Samanthaliang 21:28, 23 July 2007 (EDT)

• Pick colonies from I716430 through I716435 in a 96 well block (swirl each colony in a well with arabinose and a well without) then check if the cultures turn red (might even be able to run a quick tecan on it to see the RFP levels)
• Analyzed sequencing results for 408C and 408E - unfortunately, these two guys are the same thing - [pbad][rbs][barnase - no ATG], which is not what I want because it is missing both Cre and the cassette. This must have occurred by some crazy recombination or something. I need to do some PCR mapping on some other clones to troubleshoot. I think hits are just falling out like crazy. Maybe it'd also be helpful to make libraries on low copy plasmids? Might be able to pick up more hits.
• Long google chat with Chris about next steps

Samanthaliang 15:17, 20 July 2007 (EDT)

Things to read about:

• Does barnase have DNase activity? Haven't really found anything saying that it has DNase activity yet, but it is a ribonuclease that destroys all the RNA and targets the ribosome, which in turn, stops DNA synthesis such that those bacteria should no longer be able to replicate and grow.
• Is there a way to do dapi (pronounced dap-E) measurements for e.coli? dapI binds to DNA, wonder if can use a cytometer or something?

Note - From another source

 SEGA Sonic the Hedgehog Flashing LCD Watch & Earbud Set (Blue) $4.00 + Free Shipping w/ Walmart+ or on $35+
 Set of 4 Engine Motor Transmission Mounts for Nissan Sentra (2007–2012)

Do a dapi stain? YES! Can do a dapi stain in e.coli and then do measurements with a flow cytometer.
• Make sure that we're not just making a toxic protein or that Cre itself is toxic or something like that.

So I'm having a lot of trouble isolating the plasmid of 411B. The plate that I got from streaking a 96 well culture has really sickly single colonies that are super tiny. I can't get any of the colonies that I pick to grow in liquid media even when I add glucose. It also didn't grow after being streaked onto another plate. It seems like that in order to try to isolate a plasmid and sequence it, I'm going to have to take a swab of the plate in a dense area and miniprep that (put it in p1 buffer directly) then I'm going to have to sequence off of a PCR product.
Here's a picture of the gel:
Unfortunately, there were no bands on it, meaning that either that part isn't what I think it is, or else, all the cells are already dead and the primers weren't able to pick up anything big enough to see on the gel from the plasmid. I can also see kind of a smear, which could mean that I'm picking up junk, but more likely, it's just some discoloration from the dye or something.

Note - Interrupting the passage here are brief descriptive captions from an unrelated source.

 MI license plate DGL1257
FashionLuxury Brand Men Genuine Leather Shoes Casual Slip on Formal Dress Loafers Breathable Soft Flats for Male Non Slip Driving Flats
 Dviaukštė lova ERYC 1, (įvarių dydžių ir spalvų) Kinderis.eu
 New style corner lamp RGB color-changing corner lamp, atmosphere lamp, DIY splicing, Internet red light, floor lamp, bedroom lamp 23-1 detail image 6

• Miniprep 408C, 408E, and 411B (by swabbing it)
• run PCR on 411B (ca998/G01001) and gel purify it
• Sequence 408C, 408E
• Make -80s of 408C and 408E
• Look at spotted plates - the spots actually look like they're less dense for the ones that showed a plateauing growth rate. I don't think it's obvious enough to be convincing of anything though. I guess if any cell is alive though, it would grow in the spot.